Harm Reduction Plans – 29th Dec 2020

-- 14 min read --

We can expect lot of the discussion about new regulatory frameworks for online services in 2021.

Much of the debate will focus on the mechanisms for regulating platforms – who will be the regulatory body, what penalties they can impose, how broad their remit will be etc.

This is natural and I expect that I will also spend time on these questions as the UK proposals work their way through the legislative process.

But today I wanted to take a step away from the details of the law and consider WHAT a new framework might deliver rather than HOW it will do this.

They Work For Us

Our starting point should be that both online services and regulators work for us – as consumers of the services, and as citizens interested in the well-being of our societies.

We have a right to ask platforms to deliver what would be most useful for us, as their customers, and we expect regulators to hold platforms to account for meeting our demands.

It is a commonplace that not every consumer of particular services will have a fully formed view of what they want, and there will often be differing opinions of what services should be asked to produce across a diverse population.

This is where Parliament and the Executive come in – it is their job to understand the diverse range of people’s interests and the different requirements that could be imposed on services, and to distil all of this into a workable and effective scheme that can be set out in legislation.

Tell Me What You Want

I have been thinking for some time about what I would want as a citizen, and have refined this based on my understanding of what would be possible from my experience in the worlds of technology and politics.

The ‘product’ that I believe could be most useful here are documents that I have called ‘Harm Reduction Plans’.

Each plan would provide any of us who are interested in these matters with a clear and easily intelligible description of how a platform has assessed the risk of a particular harm and what specifically it is doing to combat this harm.

These plans would form the basis of the engagement between the regulator and platforms, with the regulator able to test each aspect of the platform’s understanding of the problem and proposed response.

There should be published versions of the plans that contain sufficiently detailed information for us all to understand what is happening, while some information may be provided only to the regulator if it is especially sensitive.

The harm reduction plans from the platforms would be complemented by responses from the regulator setting out their assessment of the information they have received.

For example, a plan may inform us that a platform has exposed the criteria it is using when it scans for certain content types to audit by the regulator, and the regulator response will tell us whether they think these are reasonable.

A Template And An Example

This can best be illustrated by working through an example harm reduction you can download here :-

example-harm-reduction-plan Download

[NB I have written the example plan as though it were being presented to the proposed UK regulator, Ofcom, but would expect platforms to produce local versions of their plans in countries where they have a meaningful presence.]

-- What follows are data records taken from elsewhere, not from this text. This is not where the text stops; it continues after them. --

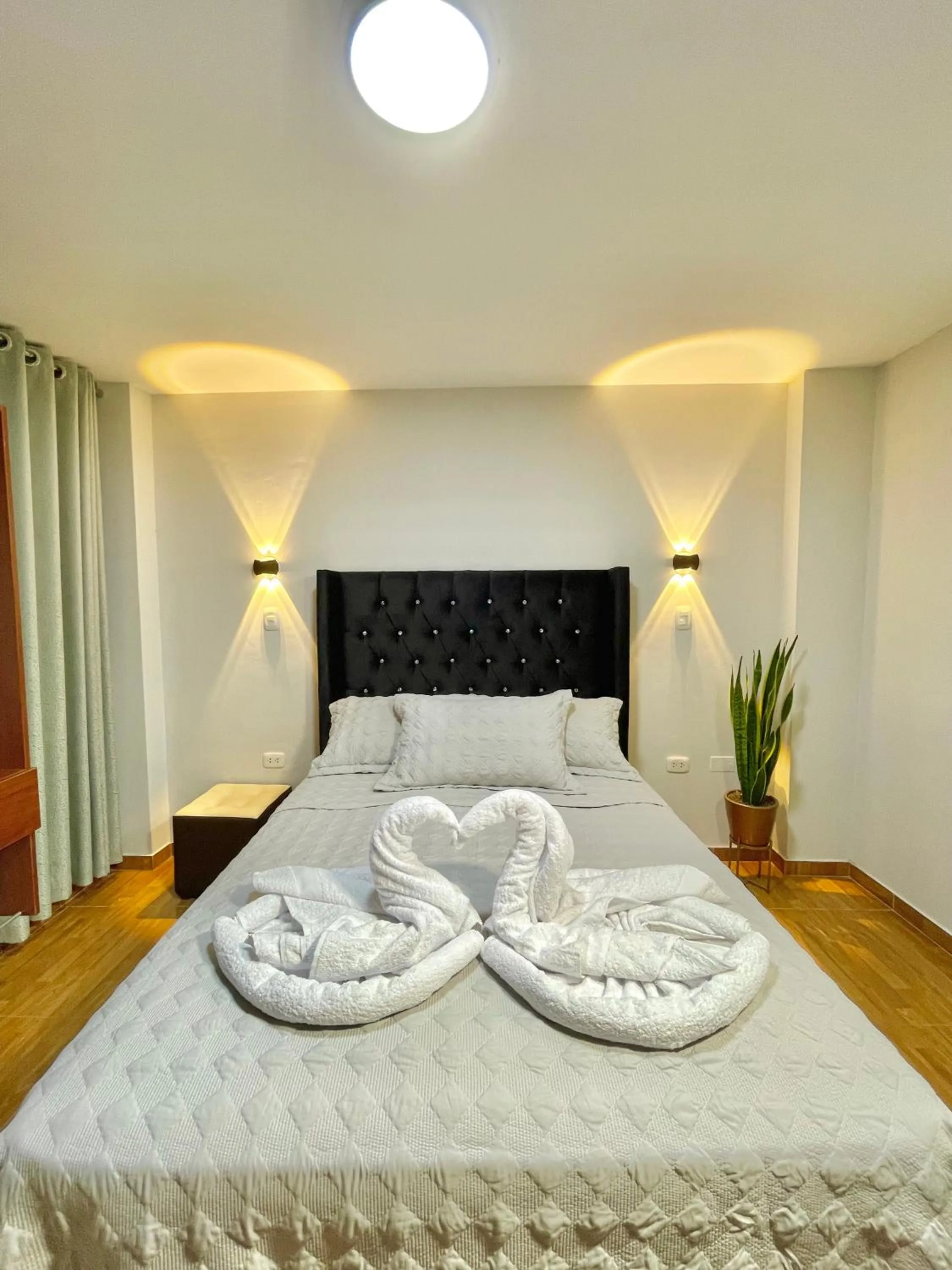 Bed in Jultom Inn Hotel & Suites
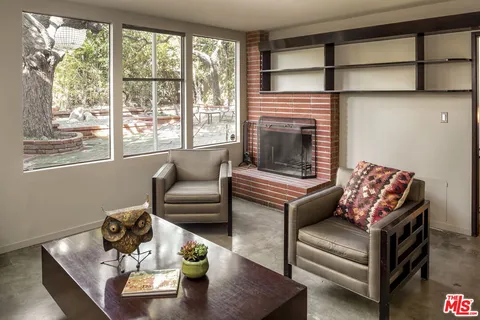 a living room with furniture wooden floor and a fireplace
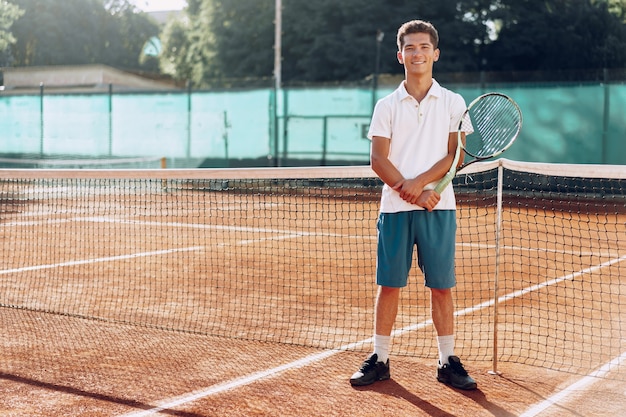 Giocatore di tennis uomo giovane razza mista con racchetta in piedi sul campo da tennis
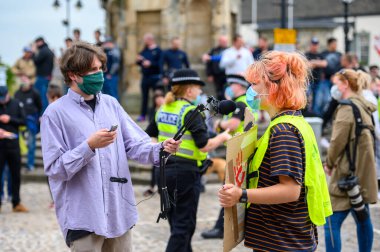 Richmond, Kuzey Yorkshire, İngiltere - 14 Haziran 2020: Bir adam PPE Yüz Maskesi takıyor ve bir Siyahi Yaşamı Önemi Protestocusuyla röportaj yaparken mikrofon tutuyor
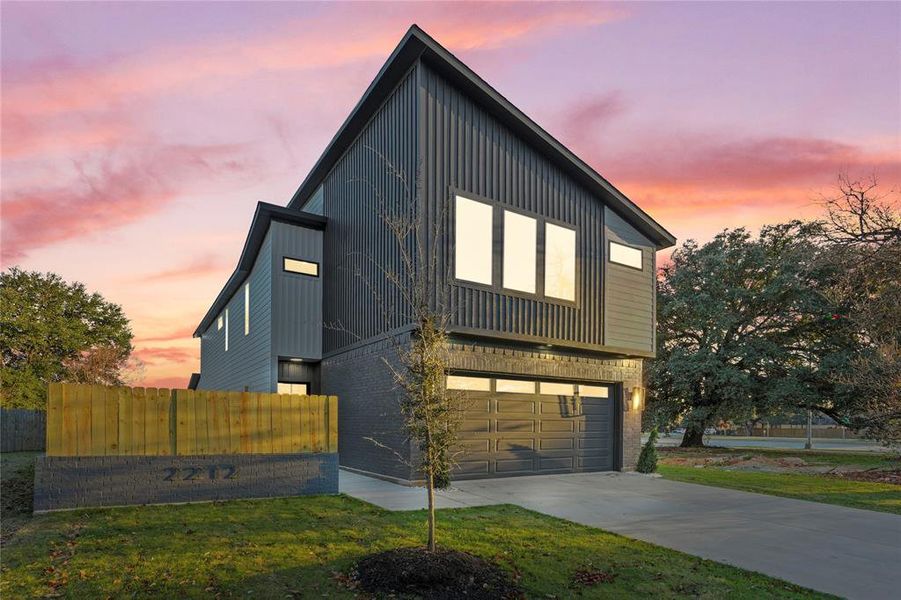 Front exterior of a new home in , Dallas, TX, highlighting curb appeal (Image 23).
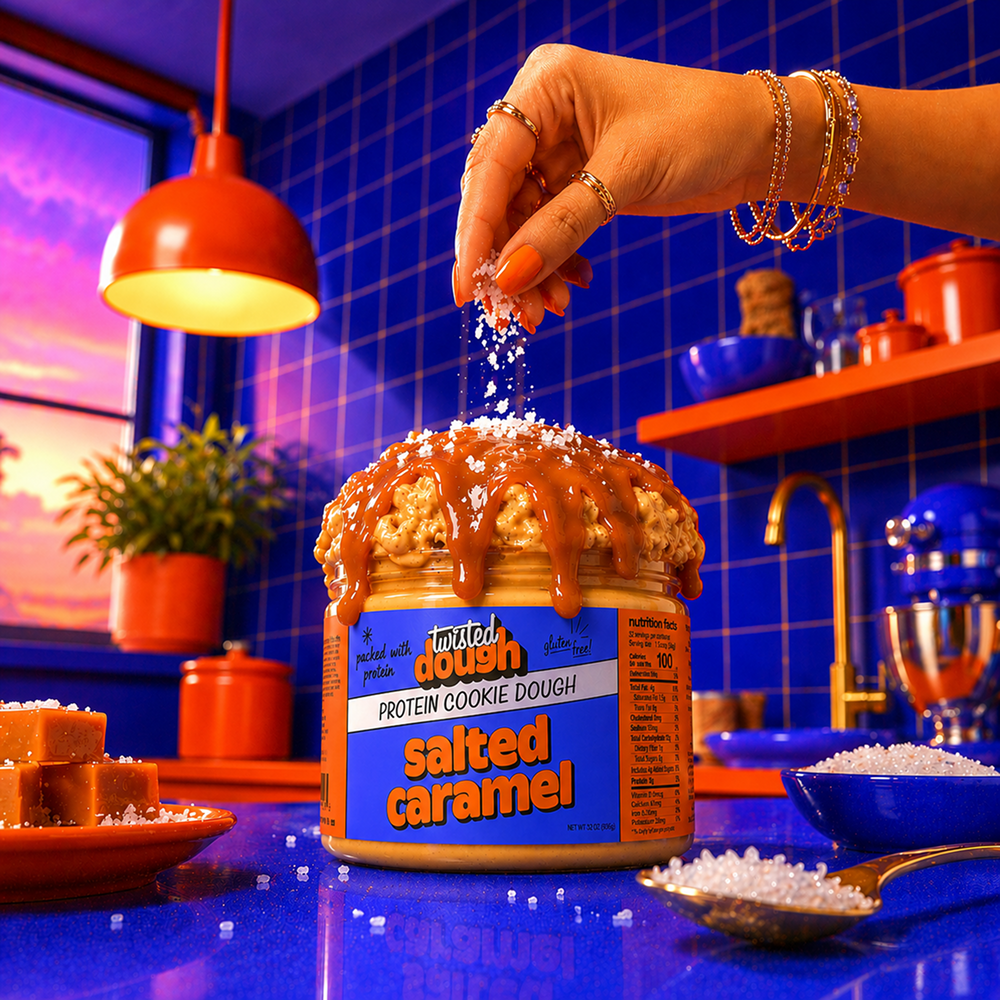 Person sprinkling toppings on a jar of salted caramel cookie dough in a kitchen setting.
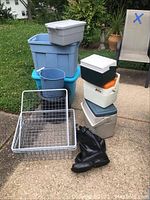 Multiple stacked plastic storage bins, small coolers, metal shelf racks, blue bucket, and black Rainfair boots size 10.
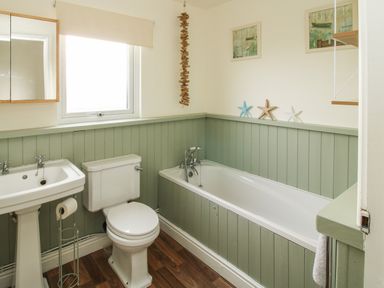 A bathroom with a sink toilet and bathtub with green wainscoting and wooden floor at Dragonfly Lodge in Worthen near Minsterley
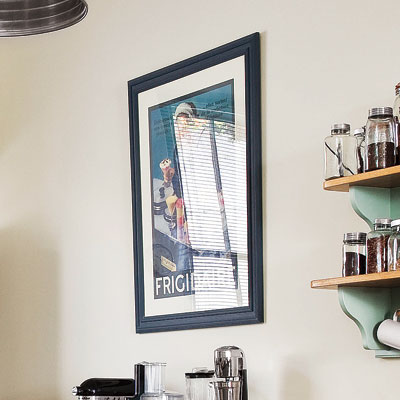framed vintage poster in retro modern kitchen
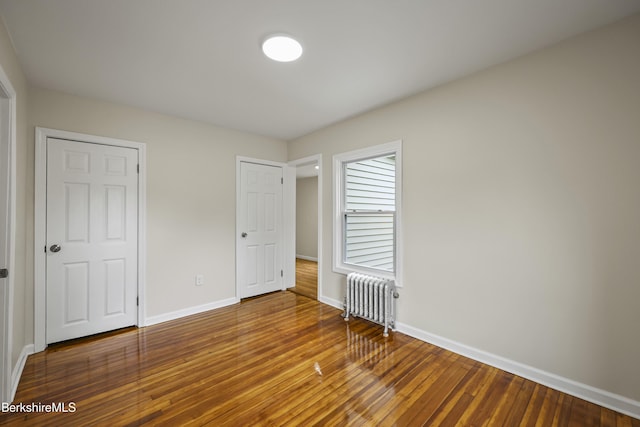 32 Hampshire St, Pittsfield, MA 01201 - unfurnished bedroom featuring radiator and hardwood / wood-style flooring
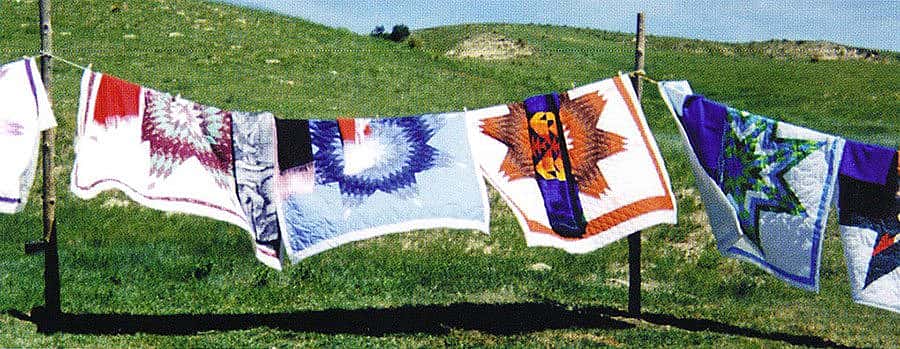 Blowing quilts at a memorial giveaway for Max Mesteth, brother of Freda Goodsell, Manderson, South Dakota. Quilts by Freda Goodsell. August 24, 2000. Photo by Arthur Amiotte.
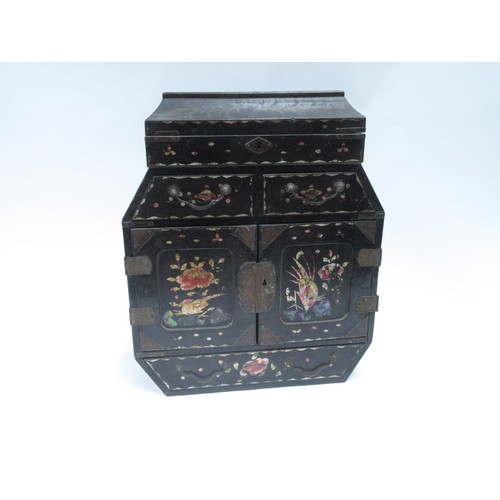 6253 - An Oriental black lacquer jewellery table top cabinet with rising top twin doors, six drawers, and p... 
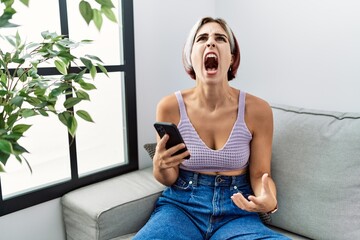 Young beautiful woman using smartphone typing message sitting on the sofa angry and mad screaming...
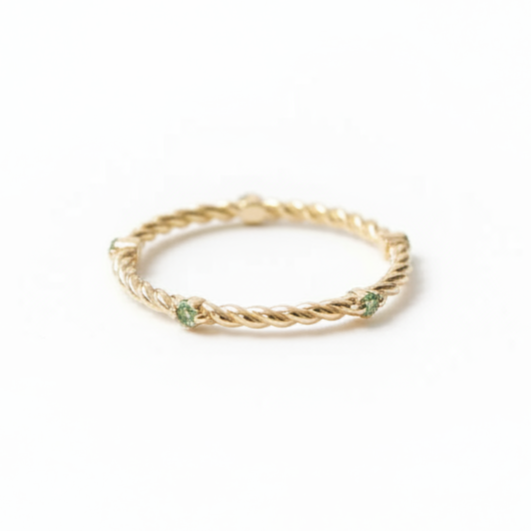 Propletená svatební obroučka se zelenými safíry ze 14karátového zlata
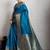 Turquoise rich zari border saree with blouse piece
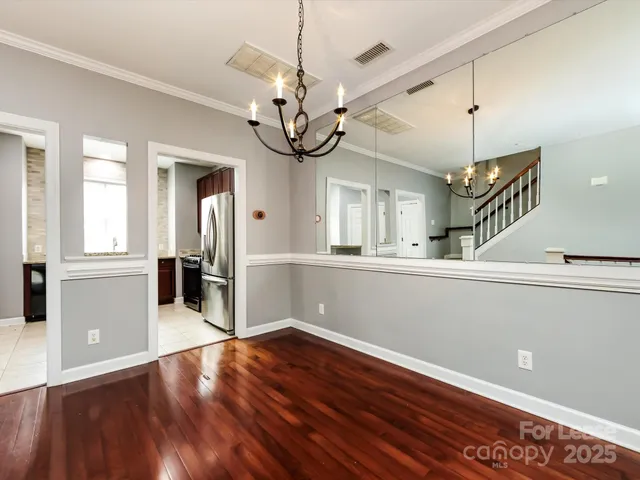a view of a room with wooden floor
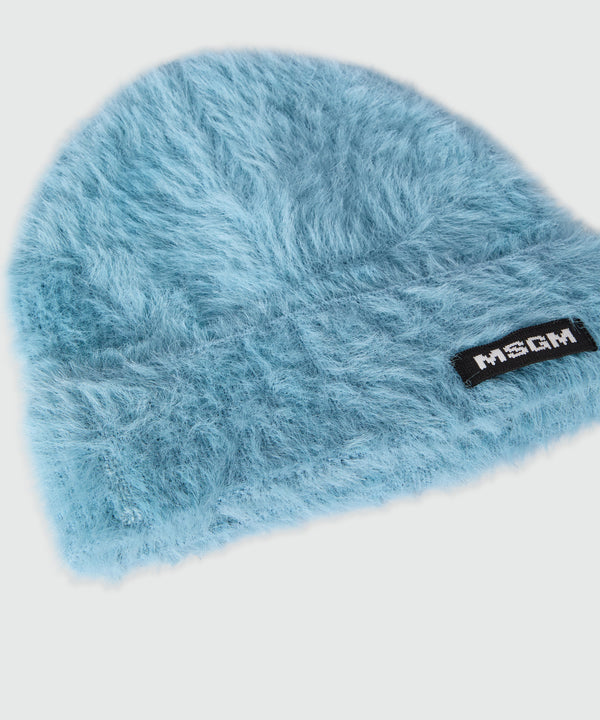 Light blue knitted hat with MSGM logo label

The plan is based on a template that I have set out in diagrammatic form :-

Fig 1 – the anatomy of a harm reduction plan.

The first thing we need to do is to describe the harm in detail with an emphasis on explaining the rationale for why a particular form of activity is deemed to be harmful.

There may be a temptation to assume that everyone knows why online activity is problematic so we can just refer to the type of content and leave it at that.

In my experience, people are often working to different assumptions about how and why something is harmful, and as a result may reach different conclusions about the appropriate response to it.

If we start each plan with an explanation of the platform’s thinking on a particular harm then this will help us to understand their proposed manner of dealing with it.

These explanations are of course contestable and some of the most significant debates between platforms and regulators may be over how a harm should be viewed before we ever get on to counter-measures.

Fig 2 – example harm reduction plan – description of harm

In this example, the platform makes it clear that they see the distribution of this material as always harmful and explains why this is the case.

I would expect this to chime with the regulator’s own view in this instance as there is a broad consensus in the UK about the harms caused by any and all distribution of child sexual abuse images.

In other areas such as hate speech or misinformation, there might be much more debate about the specific ways in which this content is harmful to individuals and society, and the rationale for platform interventions.

The description should also make reference to the extent to which the content being covered in the plan is illegal in that country.

For child sexual abuse images there is likely to be close alignment globally as most countries make this material illegal, though there may gaps between standards and the law in some details, for example not every country includes hand-drawn or faked images in their definitions of illegal content.

When we draw up plans for hate speech, we are likely to see the overlap with illegality vary quite widely from countries like the US, where this content is generally entirely legal, to countries like Germany that criminalise a broad range of speech on the grounds that it is hateful.

In the case of the UK, most of the hate speech content that platforms remove would not meet the standard for criminal incitement so would be described in the plan as ‘harmful but legal’.

Indicators

We next need to set out the indicators that the platform is using to define the behaviour that is causing harm.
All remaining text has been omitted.